Exact copy, pictures excluded: write out every line below.

━━ Dataset section

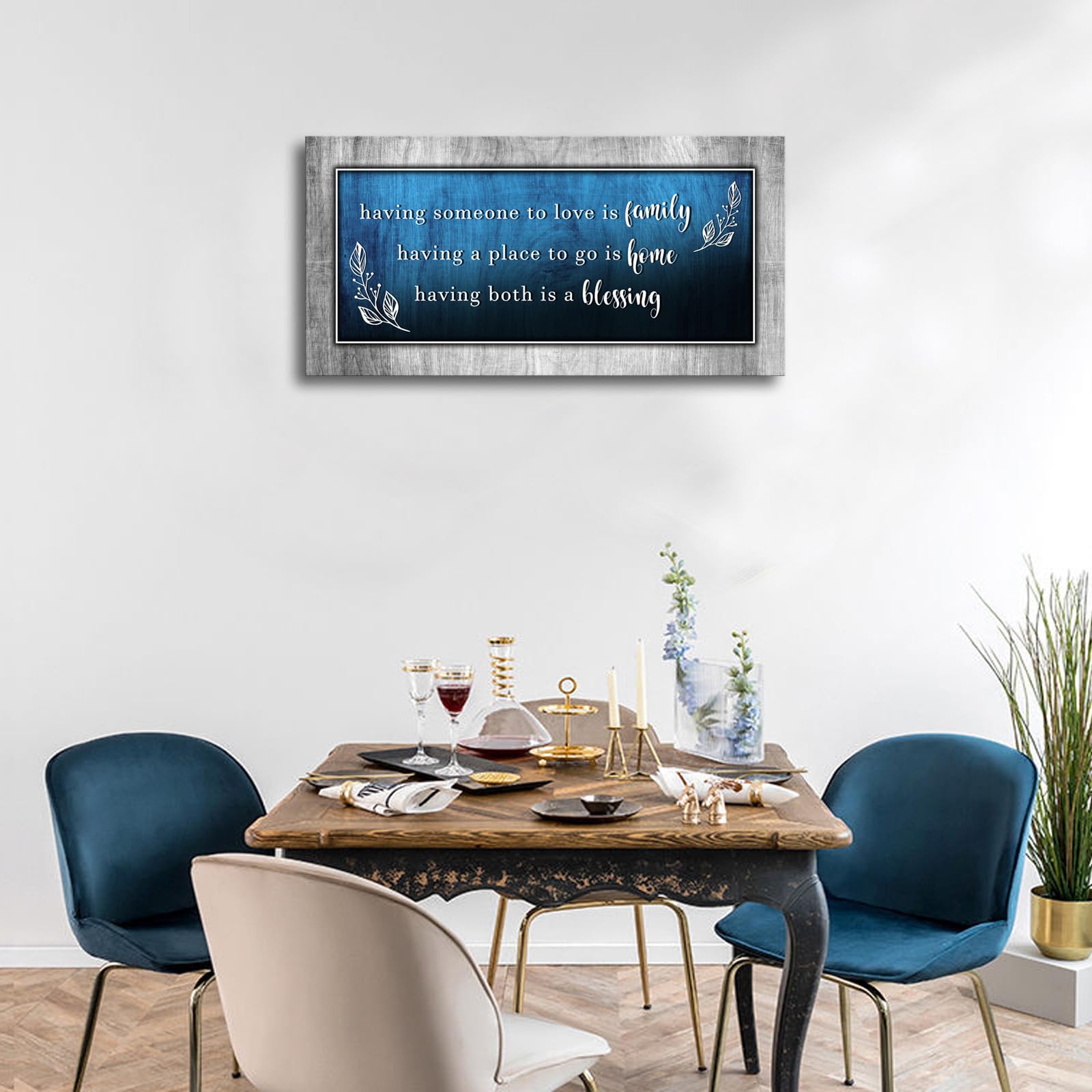 Family Canvas Wall Art-Family Home Blessing Inspirational Quote Wall Pictures-Having Someone To Love Is Family,Positive Sayings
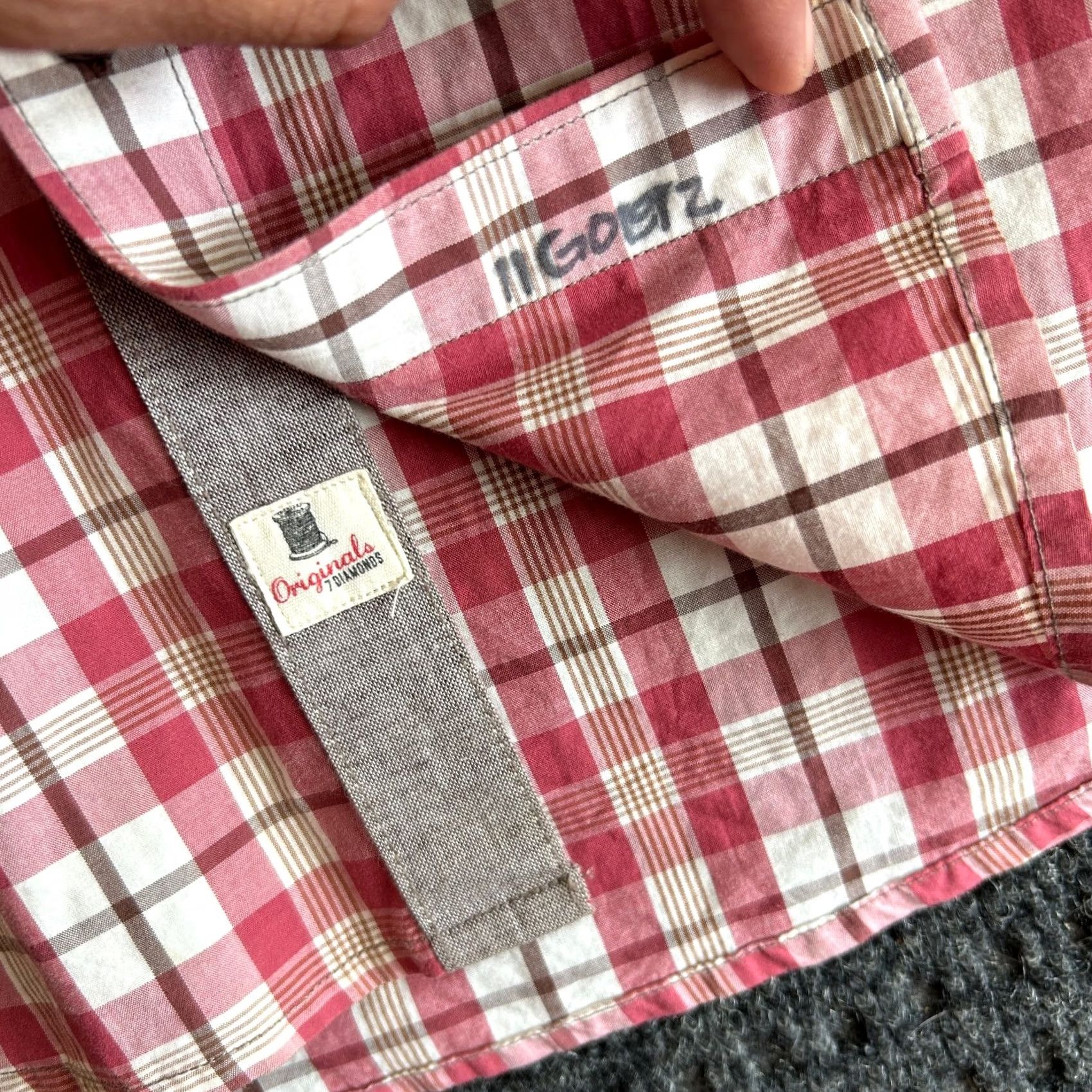 Vintage VINTAGE 7 Diamonds Mens Short Sleeve Button Down Shirt L Red Plaid Casual Preppy Shirt Size US L / EU 52-54 / 3 - 7 Thumbnail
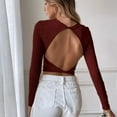 thumbnail image 4 of SWSMCLT Women's Sweater Knit Long Sleeve Crop Top Soft Backless Casual Crewneck Winter Cropped Top Ribbed Burgundy Large, 4 of 4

━━━━

### Response
 Family Canvas Wall Art-Family Home Blessing Inspirational Quote Wall Pictures-Having Someone To Love Is Family,Positive Sayings
 Vintage VINTAGE 7 Diamonds Mens Short Sleeve Button Down Shirt L Red Plaid Casual Preppy Shirt Size US L / EU 52-54 / 3 - 7 Thumbnail
 thumbnail image 4 of SWSMCLT Women's Sweater Knit Long Sleeve Crop Top Soft Backless Casual Crewneck Winter Cropped Top Ribbed Burgundy Large, 4 of 4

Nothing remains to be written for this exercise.